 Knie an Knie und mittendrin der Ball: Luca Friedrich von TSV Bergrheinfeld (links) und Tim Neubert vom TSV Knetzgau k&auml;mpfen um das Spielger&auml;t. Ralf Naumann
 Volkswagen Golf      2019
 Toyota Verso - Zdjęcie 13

-.-.-

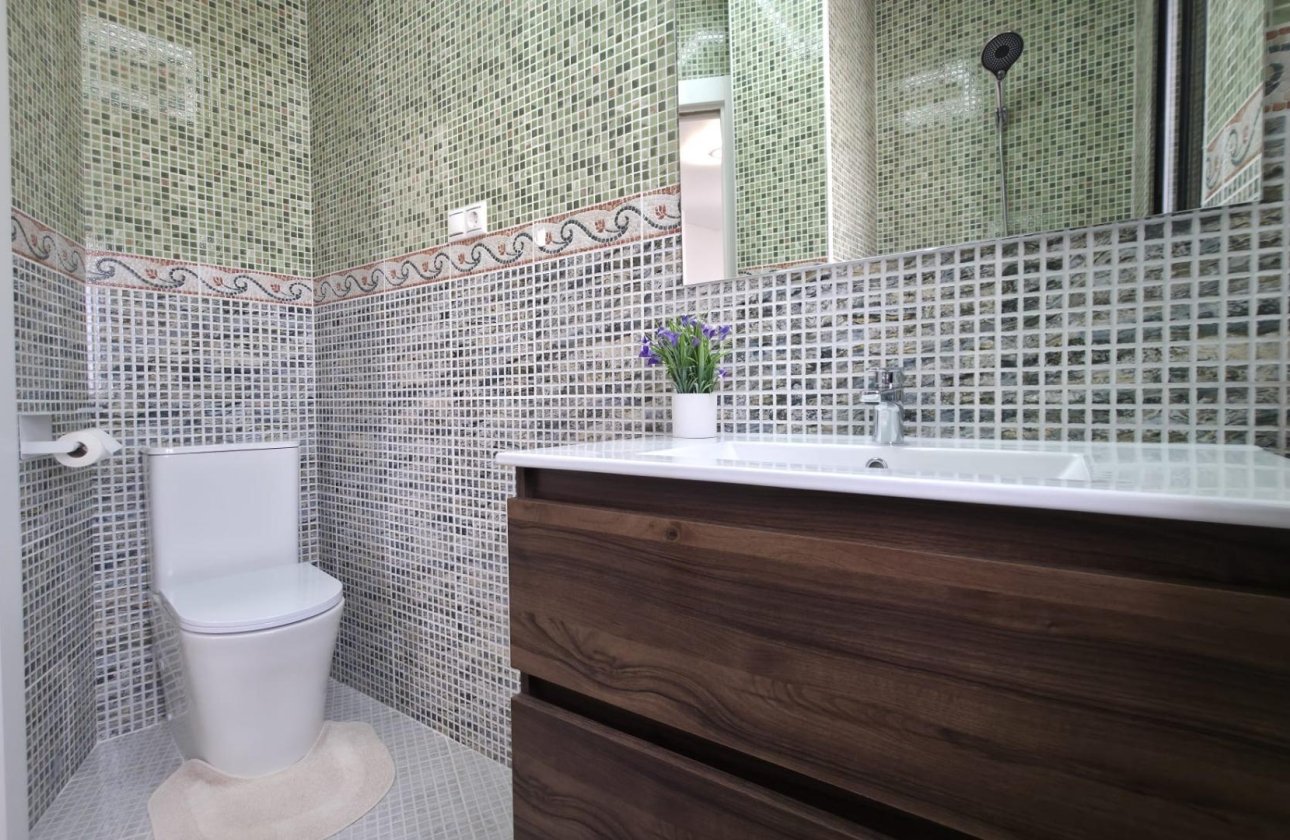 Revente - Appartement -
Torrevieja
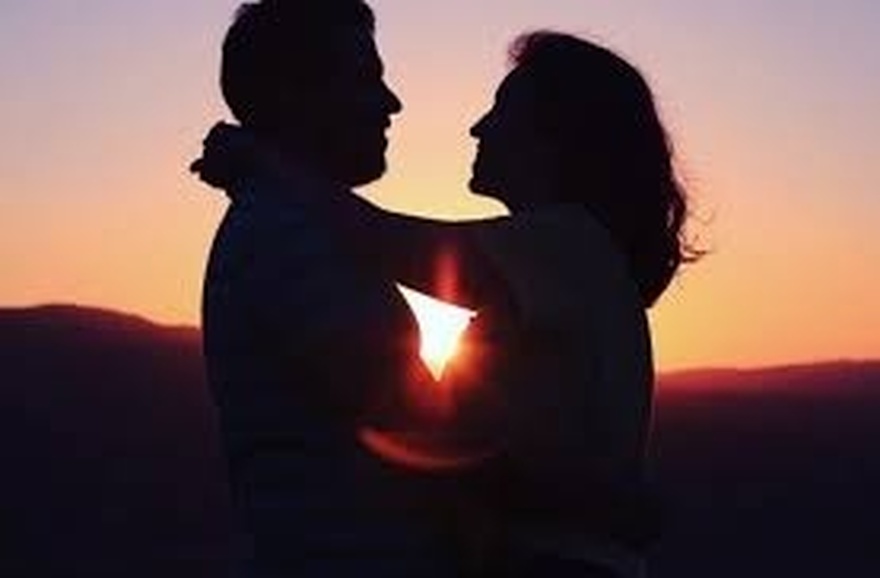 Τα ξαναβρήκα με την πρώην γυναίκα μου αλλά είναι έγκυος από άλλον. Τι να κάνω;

-.-.-

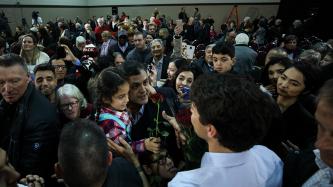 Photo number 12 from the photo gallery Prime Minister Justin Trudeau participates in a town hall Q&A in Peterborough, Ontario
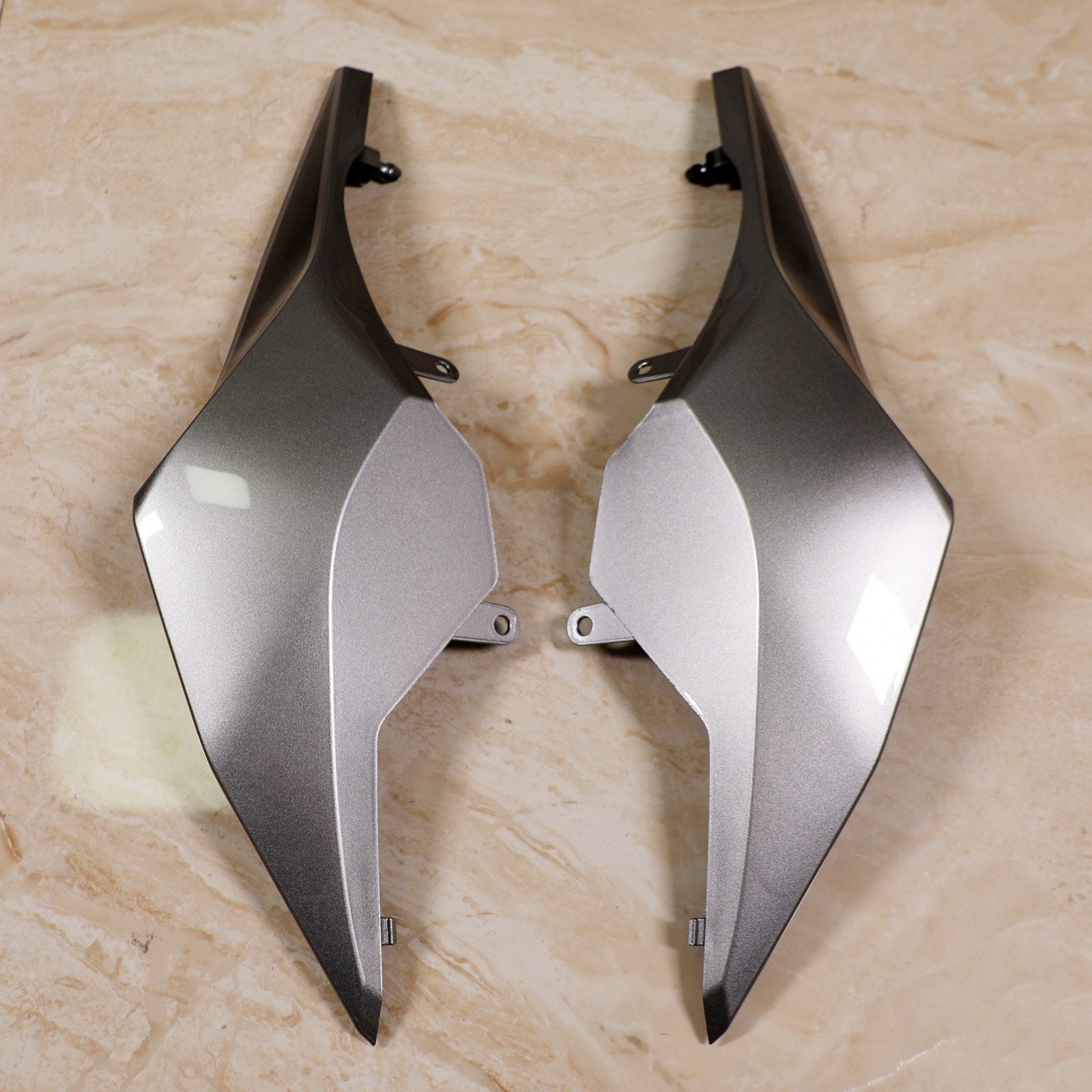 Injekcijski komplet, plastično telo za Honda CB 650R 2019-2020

-.-.-

**ASSIGNMENT**
The line holding "Photo number 12" starts the copy and the line holding "Injekcijski komplet, plastično" ends it. Repeat those two lines above and all between them exactly, leaving out pictures.

**ANSWER SPACE**
 Photo number 12 from the photo gallery Prime Minister Justin Trudeau participates in a town hall Q&A in Peterborough, Ontario
 Injekcijski komplet, plastično telo za Honda CB 650R 2019-2020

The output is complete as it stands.